A Juíza Liviane Kelly Soares Vasconcelos, da 20ª Vara da JFDF, concedeu medida liminar para suspender os efeitos da medida preventiva até o julgamento definitivo, considerando que a medida preventiva determinaria mudanças estruturais no modelo de negócios do Itaú, sem a conclusão da fase instrutória. Não obstante, a Juíza posteriormente indeferiu o Mandado de Segurança em sede de sentença. Segundo a Juíza, o Itaú não comprovou a existência de práticas similares por outros agentes de mercado. Ademais, a medida seria proporcional, pois estaria em linha com a regulamentação do setor, sem a imposição de obrigações adicionais. Por fim, “No que se refere à violação do contraditório e ampla defesa, tenho que, na presente hipótese, há dois valores que precisam ser compatibilizados: o direito à ampla defesa do Itaú e o direito ao sigilo de dados concorrenciais sensíveis, bem como de outros documentos cujo sigilo é garantido por lei. Entendo que as informações prestadas demonstram que esses valores foram devidamente compatibilizados pelo CADE. Com efeito, embora alguns documentos tenham sido disponibilizados apenas de forma parcial, tenho que a conduta que gerou a atuação do CADE está clara”.
Destaques da Superintendência-Geral do CADE
SG arquiva investigação envolvendo suposta restrição à atividade médica pela Unimed Litoral
A SG decidiu arquivar investigação[4] que buscava apurar supostas restrições, pela Unimed Litoral – Cooperativa de Trabalho Médico (Unimed Litoral), ao exercício de atividade médica com o alegado objetivo de criação de reserva de mercado.
A investigação teve origem em março de 2025, a partir de Representação apresentada por médico oftalmologista. Segundo a Representação, a Unimed Litoral estaria cerceando a sua atuação de outros profissionais de diferentes regiões ao negar filiação como cooperado sem justificativa razoável, enquanto garantiria favorecimento privilegiado a familiares de médicos já cooperados. Nesse sentido, as negativas da Unimed Litoral fariam parte de uma estratégia anticompetitiva com o objetivo de estabelecer reserva de mercado, o que prejudicaria não só profissionais, mas também a qualidade do atendimento prestado aos beneficiários da Unimed Litoral. Dessa forma, a SG instaurou Procedimento Preparatório.
Não obstante, após a instauração do Procedimento Preparatório, a SG decidiu arquivar a investigação. Segundo a SG, “Pelo relato dos fatos, entende-se que o presente feito traz ao conhecimento do Cade discórdia comercial entre as partes, tratando-se, portanto de lide privada apenas, não havendo indícios mínimos de infração à ordem econômica”, sendo que “os órgãos de defesa da concorrência não se prestam a corrigir discordâncias comerciais estabelecidas entre particulares”[5]. Dessa forma, a SG arquivou a investigação por ausência de indícios de matéria de competência do CADE.
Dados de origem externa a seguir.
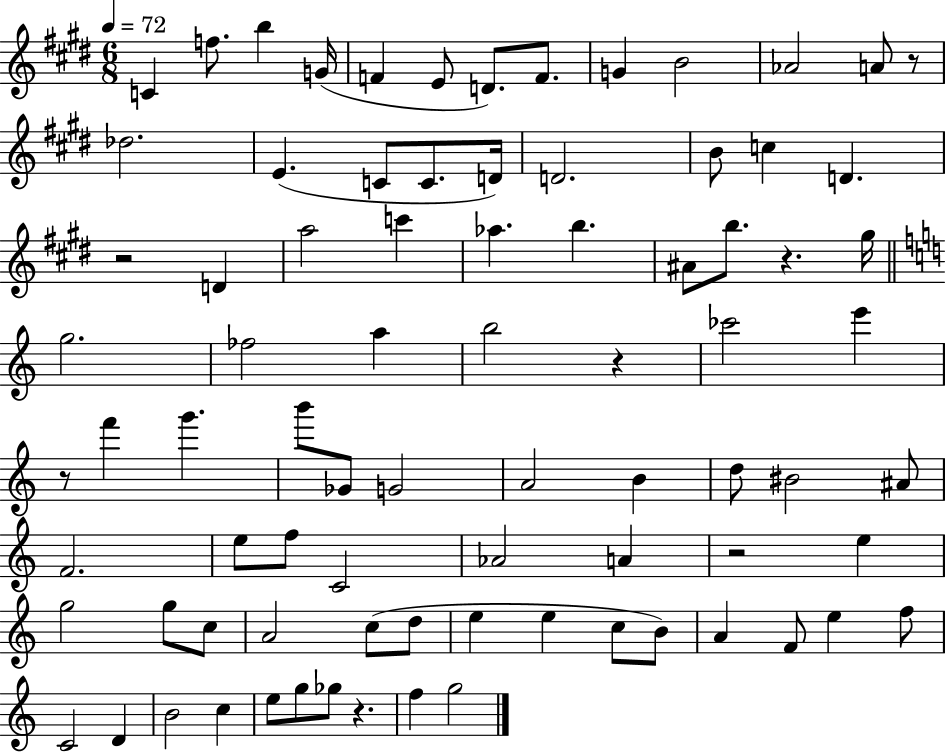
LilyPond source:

SG instaura investigação para apurar o aumento no valor do aluguel de imóveis durante a COP30
A SG decidiu instaurar investigação[6] para apurar suposta influência à adoção de conduta comercial uniforme, por Airbnb Plataforma Digital Ltda. (Airbnb) e Sebrae do Pará (Sebrae-PA), após a realização de curso que teria resultado no aumento do valor do aluguel de imóveis para o período da 30ª Conferência das Nações Unidas sobre Mudanças Climáticas (COP-30), a ser sediada em Belém do Pará.
A investigação foi instaurada de ofício pela SG, em abril de 2025, após tomar conhecimento de matéria jornalística publicada pela UOL intitulada “Após curso no Sebrae, anfitriões do Airbnb cobram 10 vezes mais para COP30”[7]. Segundo a UOL, “Belém deve receber cerca de 60 mil visitantes para a COP30, mas só há cerca de 18 mil vagas nos hotéis da cidade”. O Sebrae-PA teria realizado curso em parceria com o Airbnb para capacitação de locatários, inclusive sobre precificação de aluguel durante a COP30. Após o curso de capacitação, os valores do aluguel de imóveis durante o período de realização da COP-30 teriam aumentado significativamente.
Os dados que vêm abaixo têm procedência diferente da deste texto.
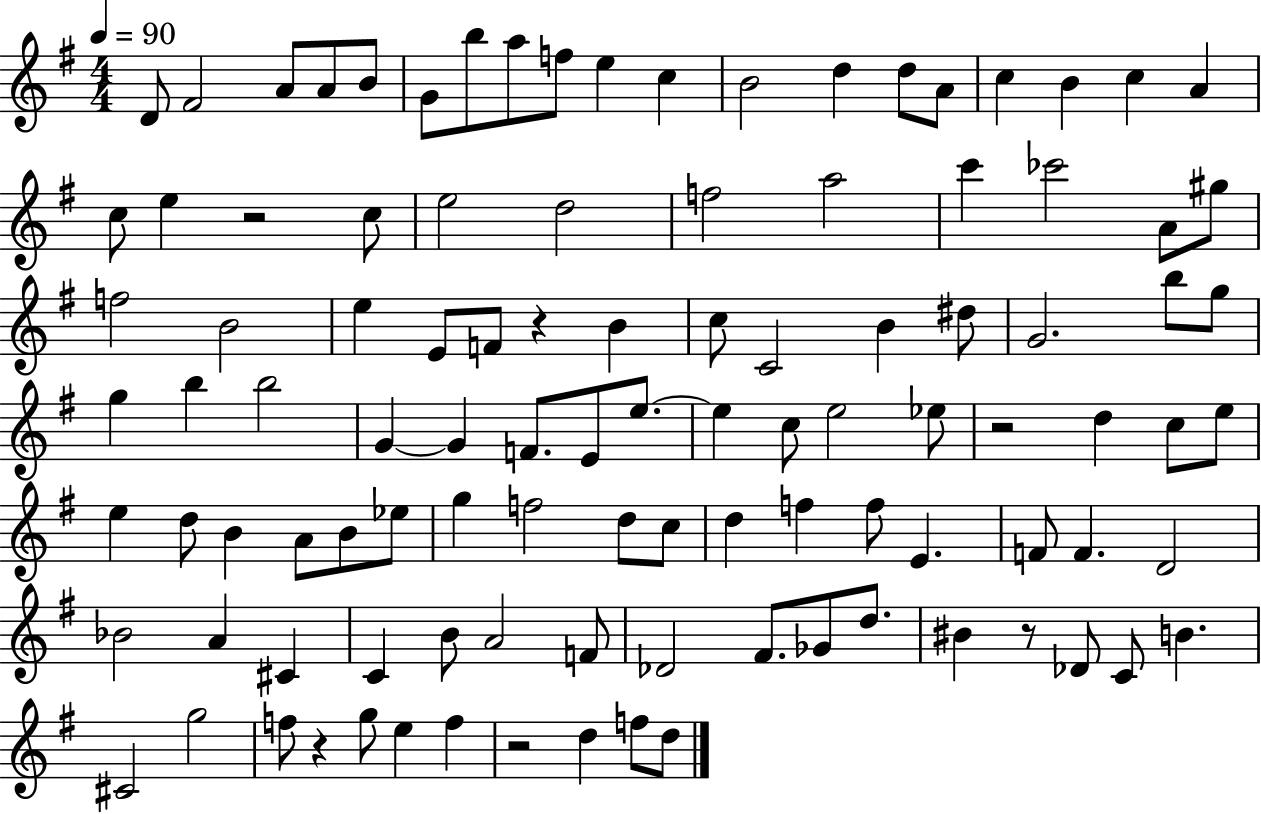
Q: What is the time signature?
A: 4/4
Nesse sentido, a SG instaurou Procedimento Preparatório para analisar se a conduta apurada constituiria influência à adoção de conduta comercial uniforme, matéria sob competência do CADE, encaminhando ofícios ao Airbnb e ao Sebrae-PA.
SG não conhece operação envolvendo a rede de fast-food KFC
A SG decidiu não conhecer operação[8] envolvendo a aquisição, pela Kentucky Foods Chile Limitada (KFC Chile), de controle sobre a operação brasileira da franquia Kentucky Fried Chicken (KFC Brasil), por entender não estarem preenchidos os requisitos de faturamento para notificação obrigatória de operações ao CADE.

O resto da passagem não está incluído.